Over the years, Cooper Stadium was home to the Columbus Red Birds, a farm team for the St. Louis Cardinals; the Negro league Columbus Blue Birds; the Columbus Jets; and, after the renovation was completed, the Columbus Clippers. From 1939 through 1941, Cooper Stadium (then named Red Bird Stadium) was also home to the Columbus Bullies, two-time champions of the third American Football League.

Cooper Stadium hosted the 1989 Triple-A All-Star Game. The team of National League-affiliated All-Stars defeated the team of American League-affiliated All-Stars, 8–3.
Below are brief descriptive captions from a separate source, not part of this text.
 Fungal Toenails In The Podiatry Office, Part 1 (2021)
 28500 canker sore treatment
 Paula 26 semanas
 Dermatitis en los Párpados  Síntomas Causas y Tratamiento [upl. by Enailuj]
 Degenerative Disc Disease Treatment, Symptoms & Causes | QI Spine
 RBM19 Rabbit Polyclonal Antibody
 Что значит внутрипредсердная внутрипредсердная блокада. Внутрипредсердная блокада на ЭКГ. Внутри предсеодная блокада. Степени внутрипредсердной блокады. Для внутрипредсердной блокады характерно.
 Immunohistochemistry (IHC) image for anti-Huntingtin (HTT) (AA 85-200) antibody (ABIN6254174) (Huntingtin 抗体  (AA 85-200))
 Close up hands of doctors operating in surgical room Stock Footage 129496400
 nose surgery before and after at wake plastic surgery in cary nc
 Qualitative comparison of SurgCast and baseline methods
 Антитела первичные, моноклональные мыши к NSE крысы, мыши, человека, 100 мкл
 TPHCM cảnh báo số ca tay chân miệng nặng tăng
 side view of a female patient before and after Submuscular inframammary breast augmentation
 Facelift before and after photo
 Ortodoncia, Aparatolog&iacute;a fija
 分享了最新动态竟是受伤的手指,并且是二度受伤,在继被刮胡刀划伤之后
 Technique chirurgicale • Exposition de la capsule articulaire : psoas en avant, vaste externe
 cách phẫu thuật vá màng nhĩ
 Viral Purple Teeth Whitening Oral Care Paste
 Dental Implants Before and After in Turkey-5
The stadium has also hosted a number of other events, such as roller derbies, music concerts (including Aerosmith, Rush, Bob Dylan & Garth Brooks), professional wrestling (including Bobo Brazil, the Sheik, & Ali Baba) and hosted evangelist Billy Graham.

Cooper Stadium also hosted the OHSAA Ohio high-school boys baseball State Tournament.

=== Final baseball game ===
The Clippers moved from Cooper Stadium after the 2008 season to a new ballpark, Huntington Park, which is located in the Arena District in downtown Columbus. On September 1, 2008, the final game was played as the Toledo Mud Hens defeated the Columbus Clippers in front of 16,770 fans, the third largest crowd in stadium history.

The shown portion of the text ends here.